At the Tribunal hearing, the Tribunal raised the issue of the visa applicant’s previous dishonesty, particularly noting her pretending to be her daughter in telephone calls. This demonstrated dishonesty suggested to the Tribunal that the applicant may not be a witness of truth about her claim to genuinely intend to stay temporarily in Australia. The visa applicant told the Tribunal that she regretted being dishonest pretending to be her daughter in telephone calls.
The visa applicant’s employment
In the visa application form, the applicant declared her employment as retired from February 2018. At the Tribunal hearing she described this work as working making sculptures at a large ivory factory. However, she claimed that she was still working in what she described as ‘her own job.’ She detailed that she owned an excavator which is used to dig. The work is dependent on client requests to work in particular locations. Sometimes she is paid per day or per square meter dug. She provides the equipment and employs a person to do the work. The employee is a family relative but is not her son. She described this business as going for a long time as it is a family operated business. She said that this business was inherited.
The Tribunal raised this inconsistency between her oral evidence and her written evidence for comment. It suggested to the Tribunal that the visa applicant may have fabricated this current employment because she thought having a business in China might be more persuasive to the Tribunal finding that the visa applicant had incentives to return to China and only sought to travel to Australia temporarily. In response to this concern, it was suggested that the visa applicant was detailed as ‘retired’ because of her age and the excavation business is more casual work and her own business, not working for another person. The visa applicant said she was advised that she did not need to detail this employment.

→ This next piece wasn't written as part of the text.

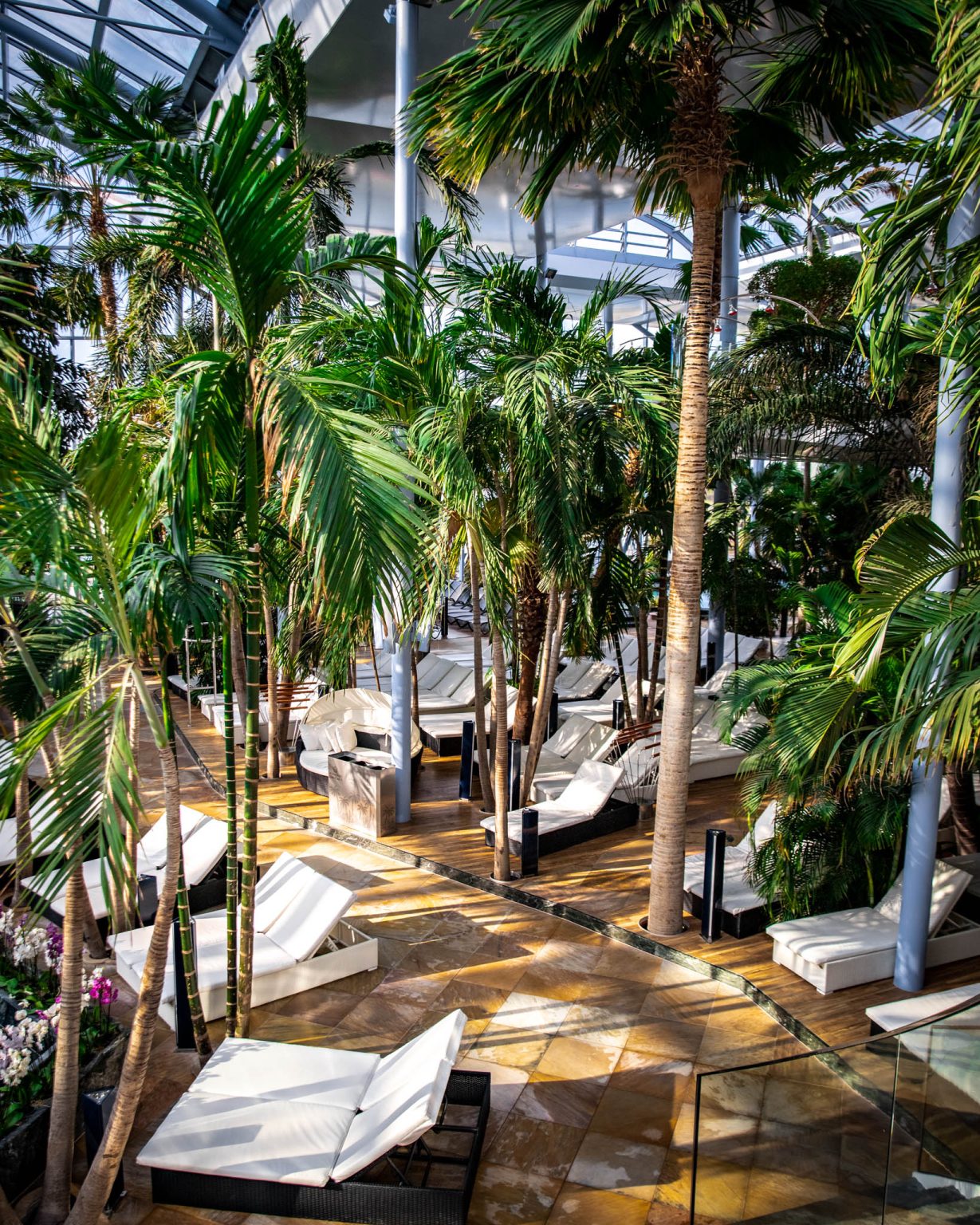 Indoor Botanical Garden — The Palm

Subsequent to the Tribunal hearing, the Tribunal was provided with a WhatsApp conversation with an accompanied English translation. This was a discussion between the migration agent who completed the visa application form and the visa applicant. The conversation shows the visa applicant stating that her business was ‘just registered, I haven’t yet scanned the registration document to you. Because I have not yet received the company seal.’ The agent responded that company registration was not necessary, and the agent then advising the visa applicant to ‘just state that you’re retired.’ This document accompanied the statutory declaration made by the migration agent dated 6 August 2022 when the agent detailed that the visa applicant had provided the agent with detail of her business in China, but that the migration agent ‘decided not to declare (this) in the visa application because she was retired and the business was casually operated, and (the visa applicant) has provided sufficient funds to support her stay in Australia.’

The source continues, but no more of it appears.